-
Notifications
You must be signed in to change notification settings - Fork 929
Description
I met a problem in testing PETSc' error handler with OpenMPI-5.0. I used one MPI rank. When PETSc detected an error (integer multiplication overflow), it would print the stack trace and then call MPI_Finalize().
In program execution, petsc dupped an inner communicator from the outer MPI_COMM_WORLD. We linked the two communicators via attributes on them and set up the comm_delete_attr_fn's on them.
I found in MPI_Finalize(), ompi tried to delete attributes on MPI_COMM_WORLD, which invoked Petsc_InnerComm_Attr_Delete_Fn().
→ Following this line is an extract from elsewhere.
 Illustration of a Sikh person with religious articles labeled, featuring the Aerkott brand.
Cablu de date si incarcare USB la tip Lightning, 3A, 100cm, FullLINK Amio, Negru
There, we had the attribute value (pointer to the inner communicator), and called some MPI functions, such as MPI_Comm_get_attr(), MPI_Comm_delete_attr() to unlink the outer comm from the inner comm.
But at that time, ompi_instance_count is already 0, MPI_Comm_get_attr just failed on checking OMPI_ERR_INIT_FINALIZE and dumped a misleading message such as
[frog:00000] *** An error occurred in MPI_Comm_get_attr
[frog:00000] *** reported by process [3339452416,0]
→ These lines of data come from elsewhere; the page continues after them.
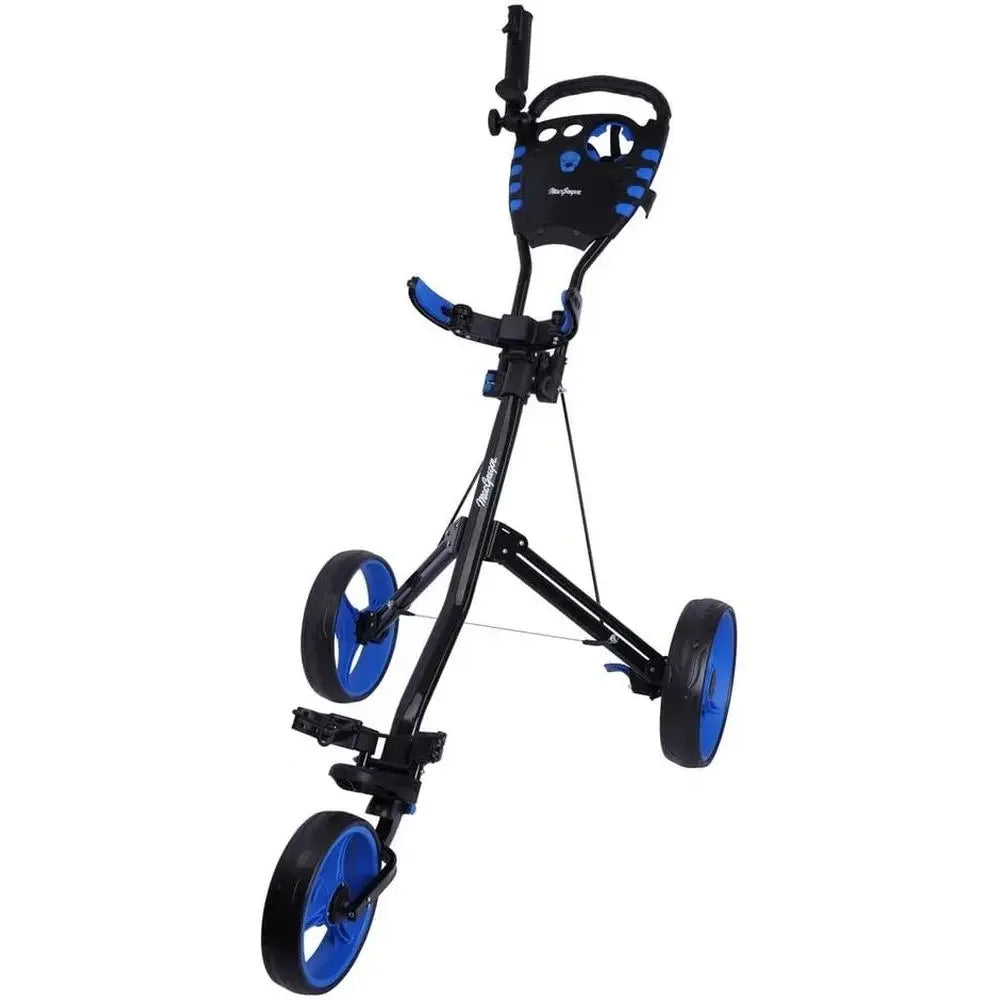 Collapsible Lightweight 3-Wheel Cart with Push/Pull Function, Foot Brake, Umbrella and Drink Holders
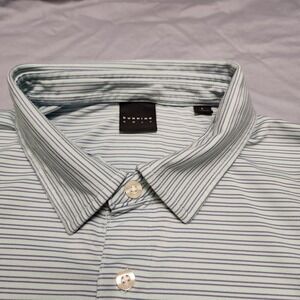 Dunning Mens Striped Performance Polo Green‎ Size Large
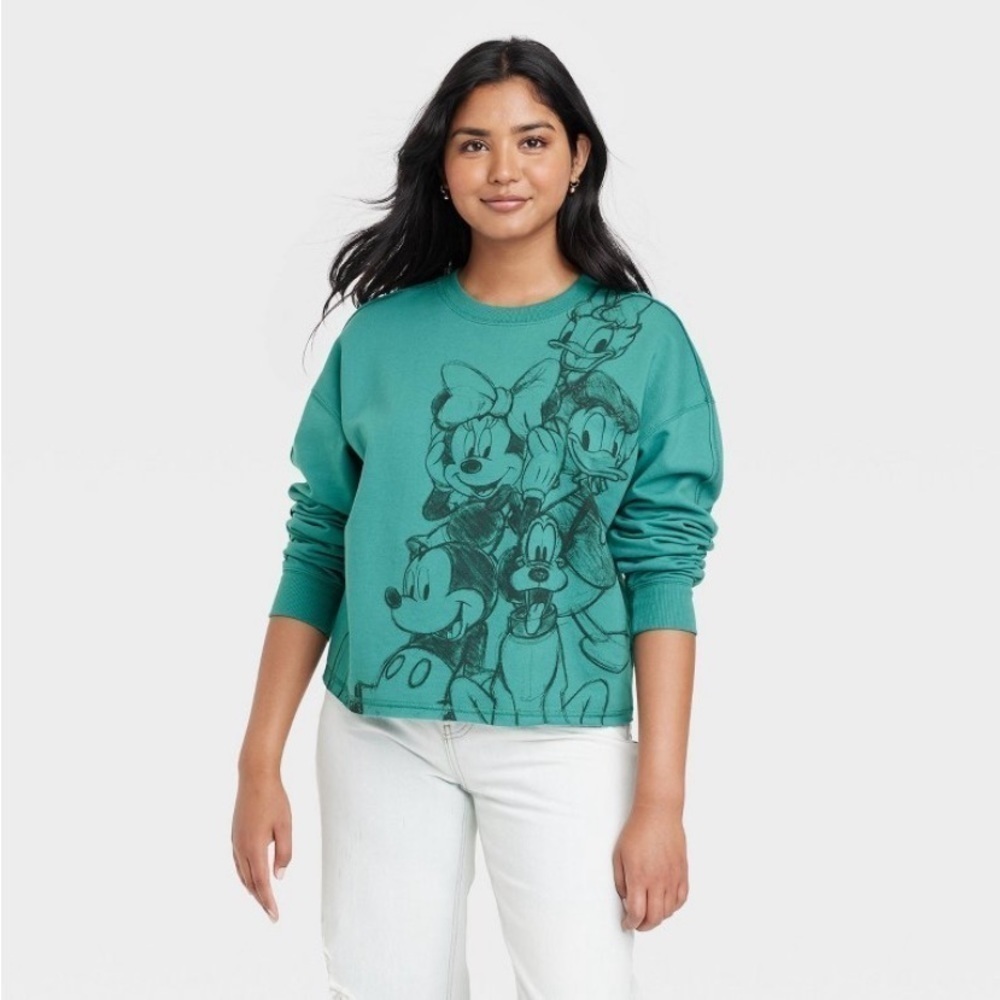 Women's Disney Caricature Graphic Sweatshirt - Green nwt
[frog:00000] *** on a NULL communicator
[frog:00000] *** Unknown error
[frog:00000] *** MPI_ERRORS_ARE_FATAL (processes in this communicator will now abort,
[frog:00000] *** and MPI will try to terminate your MPI job as well)
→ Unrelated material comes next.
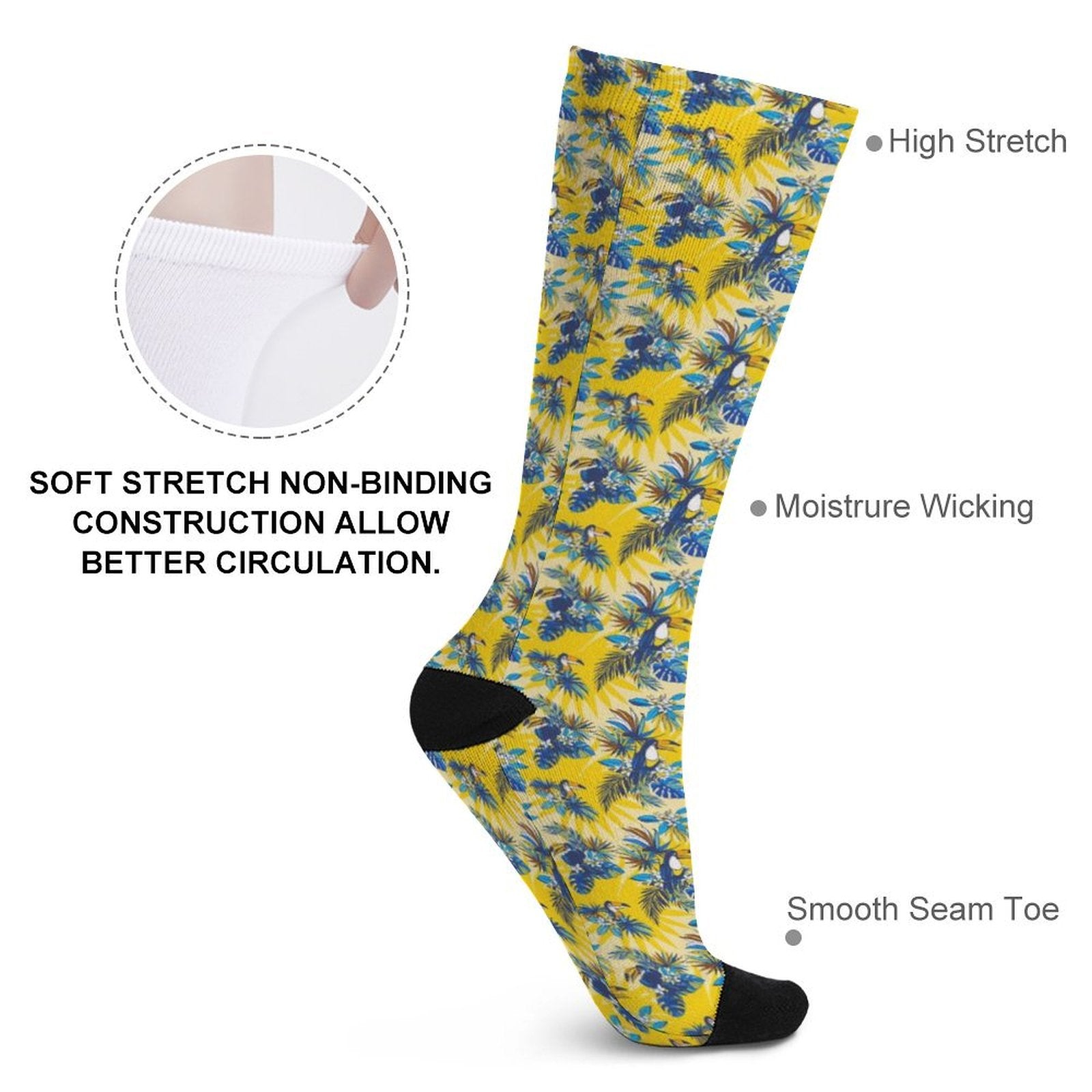 Flamingo yellow Prined socks Gifts for Men Women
This is the backtrace in gdb of my code, which failed at line 400.
(gdb) l
395 union
396 {
397 MPI_Comm comm;
398 void *ptr;
399 } ocomm;
400 PetscCallMPI(MPI_Comm_get_attr(icomm.comm, Petsc_OuterComm_keyval, &ocomm, &flg));
401 if (!flg) SETERRMPI(PETSC_COMM_SELF, PETSC_ERR_ARG_CORRUPT, "Inner comm does not have OuterComm attribute");
402 if (ocomm.comm != comm) SETERRMPI(PETSC_COMM_SELF, PETSC_ERR_ARG_CORRUPT, "Inner comm's OuterComm attribute does not point to outer PETSc comm");
403 }
404 PetscCallMPI(MPI_Comm_delete_attr(icomm.comm, Petsc_OuterComm_keyval));
gdb) bt
#0 Petsc_InnerComm_Attr_Delete_Fn (comm=0x7fffb5df81a0 <ompi_mpi_comm_world>, keyval=14, attr_val=0xa37ee0, extra_state=0x0) at /home/jczhang/petsc/src/sys/objects/pinit.c:400
#1 0x00007fffb5a5b239 in ompi_attr_delete_impl (type=COMM_ATTR, object=0x7fffb5df81a0 <ompi_mpi_comm_world>, attr_hash=0xb12470, key=14, predefined=true) at attribute/attribute.c:1139
#2 0x00007fffb5a5b81d in ompi_attr_delete_all (type=COMM_ATTR, object=0x7fffb5df81a0 <ompi_mpi_comm_world>, attr_hash=0xb12470) at attribute/attribute.c:1243
#3 0x00007fffb5a5d616 in ompi_comm_finalize () at communicator/comm_init.c:319
#4 0x00007fffe7136b3d in opal_finalize_cleanup_domain (domain=0x7fffe71fade0 <opal_init_domain>) at runtime/opal_finalize_core.c:128
#5 0x00007fffe7129c08 in opal_finalize () at runtime/opal_finalize.c:56
#6 0x00007fffb5a92e0b in ompi_rte_finalize () at runtime/ompi_rte.c:1041
#7 0x00007fffb5a9aec3 in ompi_mpi_instance_finalize_common () at instance/instance.c:911
#8 0x00007fffb5a9b0c9 in ompi_mpi_instance_finalize (instance=0x7fffb5e092c0 <ompi_mpi_instance_default>) at instance/instance.c:965
#9 0x00007fffb5a8de27 in ompi_mpi_finalize () at runtime/ompi_mpi_finalize.c:294
#10 0x00007fffb5acf918 in PMPI_Finalize () at finalize.c:52
#11 0x00007ffff196f2c5 in PetscError (comm=0x7fffb5df83a0 <ompi_mpi_comm_self>, line=109, func=0x40b167 <__func__.4> "main", file=0x40b051 "ex19.c", n=PETSC_ERR_SUP, p=PETSC_ERROR_REPEAT, mess=0x40b058 " ")
at /home/jczhang/petsc/src/sys/error/err.c:417
#12 0x0000000000402946 in main (argc=5, argv=0x7fffffffd7a8) at ex19.c:109
I checked mpi manual and it does not say users should not call MPI in callbacks.